Eu adoro filmes de tribunal. Não interessa sob que perspectivas eles são feitos, eu assisto a todos que posso. Toda aquela encenação de advogados, testemunhas, juízes… Acho bacana ver o sistema correr mesmo que na ficção. E mesmo que muitas vezes o sistema se demonstre quebrado e manco.
Então quando soube que o Honolulu Museum of Art estava preparando um festival de filmes de advogados, o “The first thing we do, let’s film all the laywers”, logo separei a data na minha agenda. O festival é pequeno, serão apenas 5 filmes, todos com ênfase na profissão. Hoje à tarde, assisti ao primeiro deles. E olha, que abertura de festival.
“Crime after crime” (“Crime por Crime”, em português), de Yoav Potash, é um documentário sobre Deborah Peagler, uma mulher que sofreu diversos abusos do namorado (incluindo prostituição forçada e muitas pancadas). E que, em 1982, cansada de tanto apanhar e temendo pela própria vida, levou-o a um ponto combinado de Los Angeles onde 2 membros de uma gangue o mataram.

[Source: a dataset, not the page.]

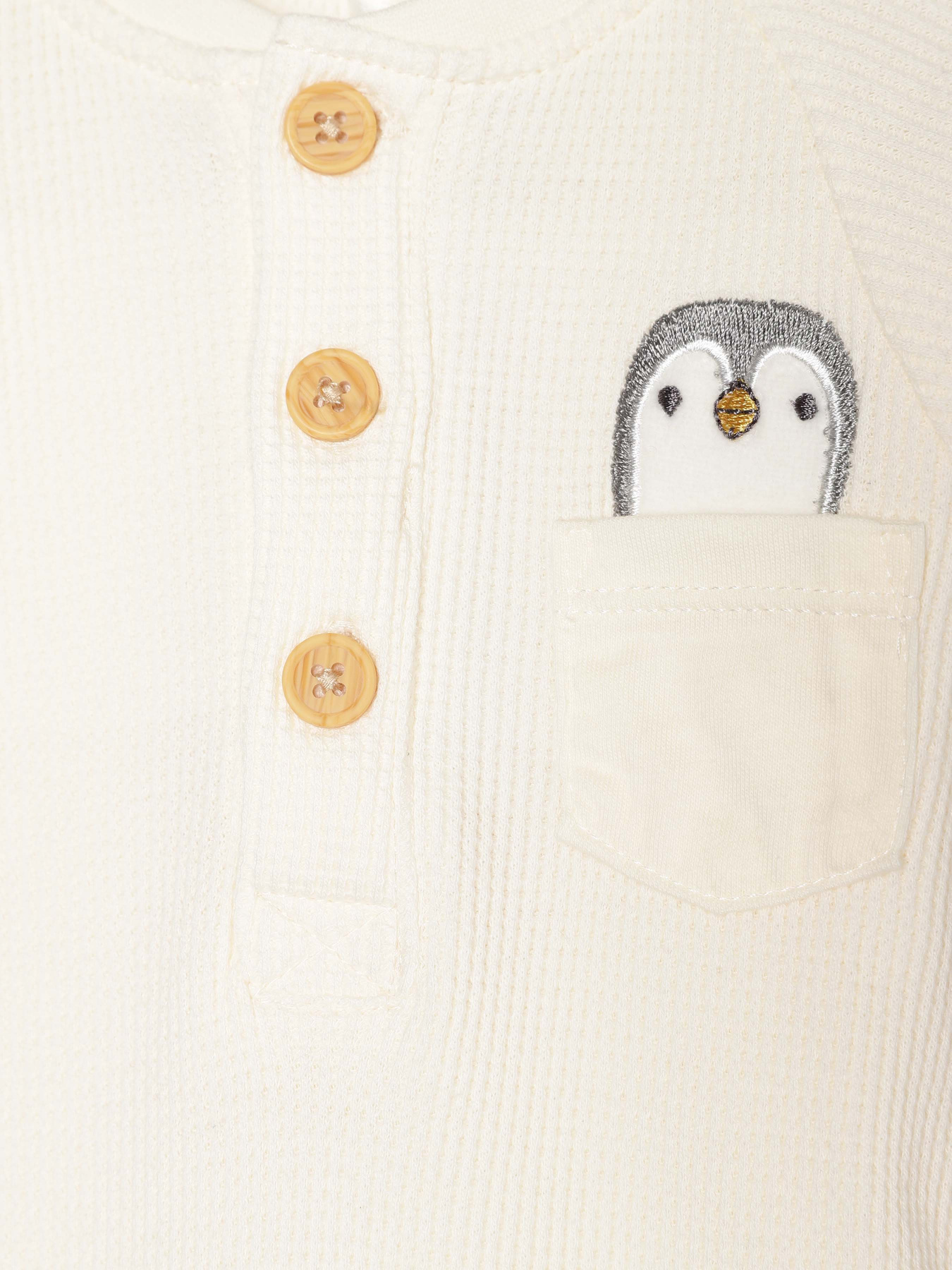 Боді для немовлят COOL CLUB модель CCB2502198 Фото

Não há provas de que ela estivesse no momento do crime no local, mas ela definitivamente o levou até lá, e isso foi o suficiente para que a justiça da Califórnia em 1983 pedisse a sentença de morte dela. Com medo e assustada, ela se declarou culpada do assassinato, e foi então sentenciada à prisão perpétua.

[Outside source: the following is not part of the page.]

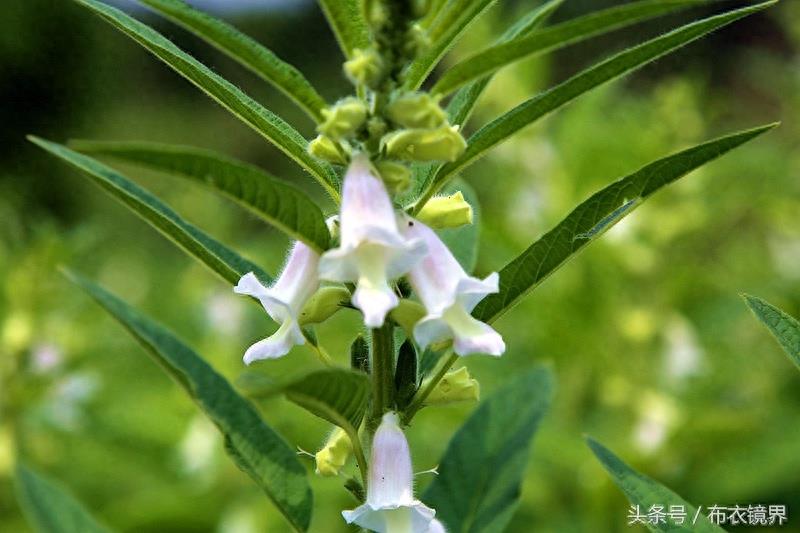 谚语“芝麻开花节节高”,是这么个意思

Até que em 2002, o estado da Califórnia passou uma lei que, na minha visão de leiga, funciona meio como um spin-off da lei Maria da Penha no Brasil, abrindo a possibilidade de se reabrirem processos e de novo julgamento para mulheres presas por crimes ocorridos em resposta à violência doméstica. Principalmente, se novas evidências forem adicionadas ao processo, com a possibilidade esperançosa de nova sentença. E é nesse âmbito que o caso de Deborah entra: ela está presa, culpada por um crime derivado de violência doméstica, e com novas evidências coletadas por uma dupla de advogados voluntários do Habeas Project. Nada mais simples de ser resolvido, certo?
Errado. Ao longo do filme, somos levados a um labirinto de burocracia e má vontade do sistema jurídico que nos desestimula a acreditar que a palavra justiça não seja mera utopia. Mostram-se os meandros e dobras da lei, com muitos cheiros podres no ar, vindos principalmente da promotoria do estado da Califórnia – mas que ninguém é inocente pra não acreditar que é algo comum na maior parte das promotorias pelo mundo. Política, política e mais política.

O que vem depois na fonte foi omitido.